Kreis Düren: Wo der Orpheusspötter fröhlich zwitschert

Kreis Düren : Wo der Orpheusspötter fröhlich zwitschert

Wissen Sie, welche Farben der Ziegenmelker hat? Würden Sie eine Goldammer an ihrem Gesang erkennen? Wo lebt der Orpheusspötter im Winter? Und welcher Vogel kann kopfüber an Bäumen hinunterlaufen?

Antworten auf diese und viele andere Fragen gibt es bei einem Vogelbestimmungskurs der Biologischen Station. „Das Interesse an den heimischen Vögeln wächst seit Jahren“, weiß Alexandra Schieweling von der Biologischen Station im Kreis Düren. „Die Menschen gehen gerne raus, bewegen sich in der Natur — und dann wollen sie wissen, wer da singt und fliegt.“

Bei manchen Menschen richtet sich der Blick vor allem auf das Vogelhäuschen im Garten und die Frage, ob sie auch wirklich alle da sind, die heimischen Vögel. Andere fahren durch halb Deutschland, um eine seltene Vogelart zu beobachten. Auf Internetplattformen wie www.ornitho.de beispielsweise würden solche seltenen Vögel gemeldet. So kommen Vogelfreunde ins Dürener Land, um dort die Grauammer (kleines Foto) zu sehen. Die war früher ein Allerweltsvogel, ist heute aber heute vielerorts wegen der intensiven Landwirtschaft nur noch selten zu beobachten. „Im Kreis Düren ist die Population stabil“, sagt Schieweling. Das sei auch verschiedenen Schutzmaßnahmen zu verdanken.

Optisch ist die Grauammer eher unscheinbar wie Spatzen und Lerchen, der Wiesenvogel klirrt aber gesanglich wie ein geschüttelter Schlüsselbund und sitzt dabei gerne auf Zaunpfählen oder Leitungsdrähten.

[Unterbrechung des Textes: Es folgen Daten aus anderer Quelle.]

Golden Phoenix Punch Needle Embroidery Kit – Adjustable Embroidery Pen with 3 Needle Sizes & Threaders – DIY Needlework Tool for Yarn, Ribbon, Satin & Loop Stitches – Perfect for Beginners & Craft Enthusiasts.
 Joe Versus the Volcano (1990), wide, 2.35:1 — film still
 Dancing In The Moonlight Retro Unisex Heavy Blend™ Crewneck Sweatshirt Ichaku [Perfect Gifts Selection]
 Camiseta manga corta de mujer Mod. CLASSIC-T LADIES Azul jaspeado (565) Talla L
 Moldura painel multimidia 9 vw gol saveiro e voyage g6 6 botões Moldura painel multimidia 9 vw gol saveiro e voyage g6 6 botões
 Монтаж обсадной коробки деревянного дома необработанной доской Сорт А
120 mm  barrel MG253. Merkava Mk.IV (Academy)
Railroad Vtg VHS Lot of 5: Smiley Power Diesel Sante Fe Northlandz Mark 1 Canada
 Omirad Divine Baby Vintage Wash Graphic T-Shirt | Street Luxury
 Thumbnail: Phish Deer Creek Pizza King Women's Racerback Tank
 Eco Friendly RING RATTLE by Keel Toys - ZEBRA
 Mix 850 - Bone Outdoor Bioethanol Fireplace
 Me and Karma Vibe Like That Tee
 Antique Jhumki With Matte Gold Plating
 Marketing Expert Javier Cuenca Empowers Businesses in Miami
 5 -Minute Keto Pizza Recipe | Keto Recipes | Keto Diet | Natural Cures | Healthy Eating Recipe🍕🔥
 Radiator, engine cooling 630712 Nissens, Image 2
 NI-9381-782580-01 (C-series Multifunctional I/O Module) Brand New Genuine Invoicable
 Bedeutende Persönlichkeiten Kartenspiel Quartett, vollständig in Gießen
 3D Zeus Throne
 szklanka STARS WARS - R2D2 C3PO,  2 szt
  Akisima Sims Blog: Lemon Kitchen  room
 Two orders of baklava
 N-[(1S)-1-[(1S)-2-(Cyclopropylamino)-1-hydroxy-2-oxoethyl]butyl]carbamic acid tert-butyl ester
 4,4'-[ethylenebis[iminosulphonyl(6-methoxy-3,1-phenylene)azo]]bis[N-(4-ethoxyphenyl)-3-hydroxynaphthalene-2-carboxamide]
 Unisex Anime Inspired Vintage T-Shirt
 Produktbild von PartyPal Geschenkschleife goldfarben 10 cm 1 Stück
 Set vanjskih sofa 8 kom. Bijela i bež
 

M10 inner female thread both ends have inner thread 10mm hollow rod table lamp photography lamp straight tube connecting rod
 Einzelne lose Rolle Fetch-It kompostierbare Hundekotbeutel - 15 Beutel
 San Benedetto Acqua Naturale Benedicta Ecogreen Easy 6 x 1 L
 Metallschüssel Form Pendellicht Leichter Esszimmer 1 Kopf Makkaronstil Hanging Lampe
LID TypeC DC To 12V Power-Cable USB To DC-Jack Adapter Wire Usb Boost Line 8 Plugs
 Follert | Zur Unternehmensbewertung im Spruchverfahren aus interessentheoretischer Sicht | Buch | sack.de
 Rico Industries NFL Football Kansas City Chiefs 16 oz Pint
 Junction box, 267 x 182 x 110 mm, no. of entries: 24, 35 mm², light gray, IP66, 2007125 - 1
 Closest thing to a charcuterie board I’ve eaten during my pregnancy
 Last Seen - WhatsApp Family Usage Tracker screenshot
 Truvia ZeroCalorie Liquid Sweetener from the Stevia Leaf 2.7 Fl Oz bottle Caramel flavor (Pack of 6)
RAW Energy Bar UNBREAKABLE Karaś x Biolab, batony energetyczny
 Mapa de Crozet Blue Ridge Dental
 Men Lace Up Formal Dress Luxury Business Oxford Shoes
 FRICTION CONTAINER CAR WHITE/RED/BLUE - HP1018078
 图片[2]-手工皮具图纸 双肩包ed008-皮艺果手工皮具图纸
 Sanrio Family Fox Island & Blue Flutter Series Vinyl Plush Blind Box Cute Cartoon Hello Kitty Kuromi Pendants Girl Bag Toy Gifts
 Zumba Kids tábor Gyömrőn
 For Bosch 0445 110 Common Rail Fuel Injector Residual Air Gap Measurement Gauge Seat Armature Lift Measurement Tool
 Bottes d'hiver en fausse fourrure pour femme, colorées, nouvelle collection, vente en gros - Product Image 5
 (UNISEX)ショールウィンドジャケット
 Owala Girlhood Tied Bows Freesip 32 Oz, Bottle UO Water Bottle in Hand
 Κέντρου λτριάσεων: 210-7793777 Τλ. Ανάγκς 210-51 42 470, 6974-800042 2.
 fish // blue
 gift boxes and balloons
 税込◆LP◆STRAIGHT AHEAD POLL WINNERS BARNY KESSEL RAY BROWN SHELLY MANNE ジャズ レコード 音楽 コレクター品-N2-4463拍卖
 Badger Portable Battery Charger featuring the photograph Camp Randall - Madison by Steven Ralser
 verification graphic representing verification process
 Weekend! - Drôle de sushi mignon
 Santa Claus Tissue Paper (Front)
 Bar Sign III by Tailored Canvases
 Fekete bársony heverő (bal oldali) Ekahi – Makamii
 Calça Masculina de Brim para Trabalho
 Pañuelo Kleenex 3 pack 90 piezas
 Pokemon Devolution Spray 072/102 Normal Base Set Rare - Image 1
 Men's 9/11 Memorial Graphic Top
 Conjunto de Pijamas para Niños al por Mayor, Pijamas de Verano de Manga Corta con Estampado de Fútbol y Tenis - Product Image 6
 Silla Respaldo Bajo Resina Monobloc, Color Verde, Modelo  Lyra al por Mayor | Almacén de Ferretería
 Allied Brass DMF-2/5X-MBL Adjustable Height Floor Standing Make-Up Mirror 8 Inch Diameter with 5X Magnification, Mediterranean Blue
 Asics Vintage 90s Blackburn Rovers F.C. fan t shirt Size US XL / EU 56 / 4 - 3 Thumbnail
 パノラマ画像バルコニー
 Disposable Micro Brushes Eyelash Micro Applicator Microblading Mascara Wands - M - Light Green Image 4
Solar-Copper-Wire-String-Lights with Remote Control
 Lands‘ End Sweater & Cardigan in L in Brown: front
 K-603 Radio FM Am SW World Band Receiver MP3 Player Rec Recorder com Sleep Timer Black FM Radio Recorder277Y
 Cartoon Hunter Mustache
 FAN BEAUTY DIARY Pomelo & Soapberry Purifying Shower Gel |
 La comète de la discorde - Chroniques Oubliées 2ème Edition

In die Ferne geht es mit der Biostation nicht, aber bei vier Exkursionen werden verschiedene Lebensräume wie Feld, Wald und See besucht. Wenn die Hobby-Ornithologen Glück haben, können sie an einem Termin bis zu 30 Vogelarten wie Heidelerche, Wiesenschafstelze und Orpheusspötter und hören und sehen. „Aber Vögel können nun mal fliegen, eine Garantie, eine bestimmte Art zu entdecken, gibt es daher nicht“, sagt Schieweling. Am Zülpicher See stünden die Chancen für den Eisvogel nicht schlecht und im Wald werden sicher Spechte zu sehen sein. „Wer sich Zeit nimmt, sieht, wie viele verschiedene Vögel es bei uns gibt, und hört, wie unterschiedlich diese Vögel singen“, sagt Schieweling. Die Vogelkundlerin selbst ist merklich beeindruckt von dieser Vielfalt, von den unterschiedlichen Federkleidern und den Stimmen der Tiere.

Löffelenten, Schnatterenten

„Am See sehen die Menschen zuerst einfach nur Enten. Beim genauen Hinsehen fällt aber auf, dass es nicht nur die bekannten Stockenten sind. Da sind auch Löffelenten, Schnatterenten, außerdem entdeckt man Saatgänse und Blässgänse.“ Man sieht eben nur, was man kennt — und vor allem Details in der Stimme oder im Federkleid sind oft interessant.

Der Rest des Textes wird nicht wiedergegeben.